Copy out the entries below exactly as they stand, but only from the line containing "30 X BRAND NEW" through the line containing "May include: Black".

(RECORDS FOR PROCESSING begins)

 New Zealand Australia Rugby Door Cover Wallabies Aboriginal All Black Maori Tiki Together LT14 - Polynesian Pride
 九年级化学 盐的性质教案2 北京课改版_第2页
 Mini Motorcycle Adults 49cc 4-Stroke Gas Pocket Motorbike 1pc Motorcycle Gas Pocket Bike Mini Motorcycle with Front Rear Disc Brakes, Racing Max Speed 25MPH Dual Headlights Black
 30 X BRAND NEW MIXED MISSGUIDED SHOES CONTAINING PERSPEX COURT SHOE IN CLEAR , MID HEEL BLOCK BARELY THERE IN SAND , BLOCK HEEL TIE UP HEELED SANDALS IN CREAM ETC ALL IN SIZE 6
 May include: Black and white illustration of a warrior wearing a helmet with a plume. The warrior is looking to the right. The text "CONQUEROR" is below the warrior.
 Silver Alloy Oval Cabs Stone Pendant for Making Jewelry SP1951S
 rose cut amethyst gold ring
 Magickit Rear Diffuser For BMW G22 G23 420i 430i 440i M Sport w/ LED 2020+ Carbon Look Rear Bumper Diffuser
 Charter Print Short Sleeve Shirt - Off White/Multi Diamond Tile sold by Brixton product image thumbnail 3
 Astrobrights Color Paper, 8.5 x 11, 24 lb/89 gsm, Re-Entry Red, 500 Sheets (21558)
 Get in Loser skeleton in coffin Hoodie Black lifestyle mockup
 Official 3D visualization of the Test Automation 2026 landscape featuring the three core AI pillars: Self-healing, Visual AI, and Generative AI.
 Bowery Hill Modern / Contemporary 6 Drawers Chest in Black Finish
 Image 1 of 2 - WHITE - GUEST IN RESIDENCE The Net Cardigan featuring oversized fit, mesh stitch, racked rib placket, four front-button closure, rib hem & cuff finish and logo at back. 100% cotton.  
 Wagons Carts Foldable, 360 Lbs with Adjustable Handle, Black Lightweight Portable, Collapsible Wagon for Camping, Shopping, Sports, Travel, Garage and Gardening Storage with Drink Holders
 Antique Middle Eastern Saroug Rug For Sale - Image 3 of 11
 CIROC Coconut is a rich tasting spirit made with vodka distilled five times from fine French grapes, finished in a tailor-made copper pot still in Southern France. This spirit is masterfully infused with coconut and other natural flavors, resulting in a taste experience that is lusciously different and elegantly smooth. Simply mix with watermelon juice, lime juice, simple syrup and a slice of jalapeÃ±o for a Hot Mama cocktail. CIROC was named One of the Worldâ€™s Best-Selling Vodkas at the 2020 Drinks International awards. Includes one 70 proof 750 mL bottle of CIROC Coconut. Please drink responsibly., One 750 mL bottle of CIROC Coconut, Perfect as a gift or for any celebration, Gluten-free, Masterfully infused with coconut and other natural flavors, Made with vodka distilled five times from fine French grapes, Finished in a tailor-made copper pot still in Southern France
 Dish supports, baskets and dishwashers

(RECORDS FOR PROCESSING ends)

**OUTPUT FOR THIS TASK:**
 30 X BRAND NEW MIXED MISSGUIDED SHOES CONTAINING PERSPEX COURT SHOE IN CLEAR , MID HEEL BLOCK BARELY THERE IN SAND , BLOCK HEEL TIE UP HEELED SANDALS IN CREAM ETC ALL IN SIZE 6
 May include: Black and white illustration of a warrior wearing a helmet with a plume. The warrior is looking to the right. The text "CONQUEROR" is below the warrior.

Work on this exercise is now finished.